SBA Tip # 6

 

The SBA lender “MUST” secure all available collateral up to fully secured.

 

By Stephen Mariani

 

Actual SOP writing prior to January, 2014. This typically included all properties own by the borrower, all stocks and bonds along with life insurance cash values AND any additional cash accounts that are not IRA or otherwise protected accounts. As you can imagine we see this as a cause for much heartburn amongst our higher net worth buyers and has sometimes stopped many an acquisition from happening. 

 

So what’s changed and how does it affect us today? 

 

The SBA SOP new wording now requires all of a borrower’s interest in real property but does NOT specify all available.

 

“For loans in excess of $350,000, SBA requires that the lender collateralize the loan to the maximum extent possible up to the loan amount. If fixed assets do not fully secure the loan, the lender must take available equity in the personal real estate of the principals as collateral.”

 

 

Now the new question becomes how the lender interprets this new writing as it does “Exclude” cash accounts.

 

 Here is what we’ve been able to determine regarding the above and lender interpretation

 

After beginning our quest with more than six larger, direct SBA lenders and asking the question, will you secure a buyer’s cash accounts? The overwhelming response has been “One a case by case basis”. Well, that puts an end to the grey area and is clear as mud. So now we have been monitoring more than 12 loans submitted to different lenders and can tell you first hand that most of the larger lenders will not secure cash accounts for a few various reasons. First, the hot topic over the last 3 years has been “post closing liquidity” which translates into “don’t leave the borrower broke” in everyday terms.
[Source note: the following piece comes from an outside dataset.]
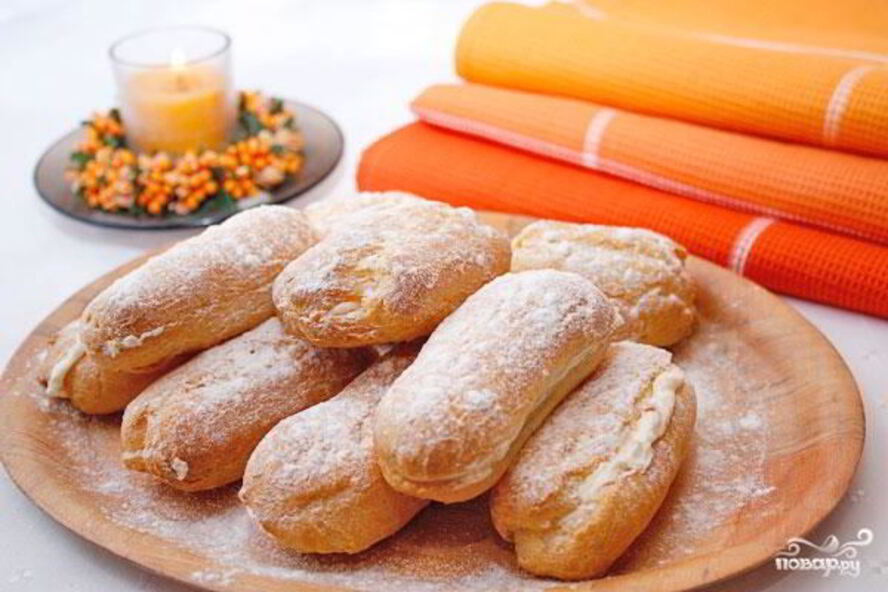 Рецепт эклеров со сливочным кремом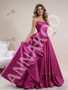 Shop 2026 ANNAKOO Fuchsia Satin Strapless Pleats Prom Dress Under 589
So we are seeing most lenders documenting their files citing this as a reason for not taking cash accounts but still putting a memo in the file describing why they didn’t. Overall we believe once these lenders become reasonable assured by SBA that this leaving of accounts will not cause their loan guarantees to be in jeopardy, more lenders will do it. Here is really what matters to you, me and potential buyers of larger businesses. With our higher net worth clientele we find one of the initial deal killers is when they understand all their liquid cash accounts will be collateralizing the loan, something they are never prepared for and many times unwilling to even consider. In 2014 we can now explore options with the lenders right up front and make them commit to leaving those accounts out use as collateral, a great alternative. We must still address the personal liquidity rule with them to be sure they are eligible for SBA financing, but that is a much smaller concern than locking their accounts up indefinitely. A big win for big business and higher net worth buyers.